These are a few of our favorite things
Love letter to Chico
195 Humboldt Ave.
The completely unmissable mural at the corner of Humboldt and Park avenues is a bright spot where it used to be bleak. Painted by local artist Jedrek Speer, a Pleasant Valley High alum and owner of Seizer-One Designs, the mural—in bold and vibrant colors—declares its love for this city and we love it right back. One of the coolest things about it is that it covers two whole walls of the building occupied by Lulus.com, serving both as an advertisement for the building and a beautification project for the neighborhood, as those walls were previously blank, signifying nothing.
Best thing to save
The water towers
Chicoans are great at saving things we find historically important. Think back to the Save the Mansion effort of 2011 that kept the iconic home of John Bidwell open for tours during the state’s financial woes. More recently, Chicoans got behind the Save The Esplanade effort—to block the construction of roundabouts on the historic boulevard—and the Save the El Rey cause to keep that iconic theater from being transformed into office space. The best thing to save these days? Chico’s old water towers. Back in June, owner California Water Service Co. announced it was going to tear down the four structures due to seismic studies that conclude they could be unsafe during earthquakes. That triggered an immediate response from the folks at the Chico Heritage Association, among others, who are working to preserve them, preferably in their current locations. The effort, called Save the Chico Water Towers, includes exploring tax reductions, retrofitting and other options to keep the towers in place.
Best new addition to your liquor cabinet
Hooker Oak Distillery rums
2420 Park Ave., 809-0720
Hooker Oak Distillery opened last December in Chico’s new “Booze District” and it couldn’t be a better fit. Nestled in near HoneyRun Winery and Lassen Traditional Cidery, it’s an entirely different kind of alcohol being brewed with a label featuring an entirely different North State icon. Tours of the distillery are short but sweet—all the magic happens in one room of the warehouse. And, as it turns out, that warehouse was quite an eyesore before partners J.T. Martin and Billy Ahumada— contractors by day—got hold of it. Now it’s a beautiful building with space enough to pack food trucks into the parking lot for events. The kicker is that the rum is really good, too! With flavors including apple pie, pineapple and vanilla bean, the list of creative cocktails are endless—and a great addition to any home or bar menu.

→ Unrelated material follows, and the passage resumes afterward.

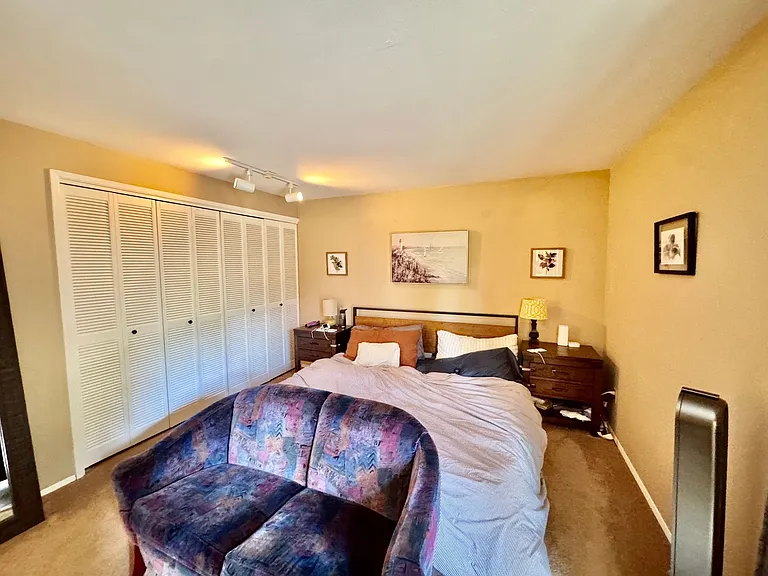 15130 SE 47th Pl — Photo 11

Best sporting/ drinking combo
Bocce and wine at Red Tavern
1250 Esplanade, 894-3463
Red Tavern is best known for its fine dining. But it’s also a great place for the competitive among us to imbibe. That’s because the local restaurant has not only a vast array of wines to satisfy lovers of the grape but also a sweet little patio with a killer bocce court. Indeed, the Tavern is a recipient of Wine Spectator magazine’s 2017 Award of Excellence, meaning it has an extensive wine list, comprising superb choices to go along with its impressive food offerings. Who’s up for a game?
Best whack job
Andrew Coolidge's weed takedown
Back in May, following an atypically wet winter, the city-owned strips of land along the north side of East Second Street between Wall and Camellia Way were overrun with weeds. The vegetation was particularly obvious since nothing has been planted in those landscaping areas, including the roundabout, since the completion of the couplet project about four years ago. It was quite an eyesore at that entrance to downtown. Until, that is, Chico City Councilman Andrew Coolidge got tired of looking at it. He’d heard complaints from constituents, whom he tried to mollify by noting the city had plans to beautify those features. Since those efforts are moving at a snail’s pace, however, Coolidge loaded up his weed-whacker and spent a couple of hours over the Memorial Day weekend chopping the jungle down. Nicely done!
Best grandiose project
As it’s currently constructed, Bikeway 99—the city’s arterial, north-to-south path for cyclists—is great until it dumps you out behind Kohl’s and you face the gauntlet of gridlock known as East 20th Street. But wait! This past spring, the city floated a concept that would allow pedestrians, disabled people and cyclists to avoid that mess altogether. It’s a solution that city engineers say could become Chico’s signature piece of bicycle infrastructure—a bridge over East 20th Street. Everything’s still in the early planning stages and the city would need to secure somewhere between $3 million and $8 million of grant funding to move the project forward, but we can’t help getting excited about this concept that would make biking in Chico oh so much better.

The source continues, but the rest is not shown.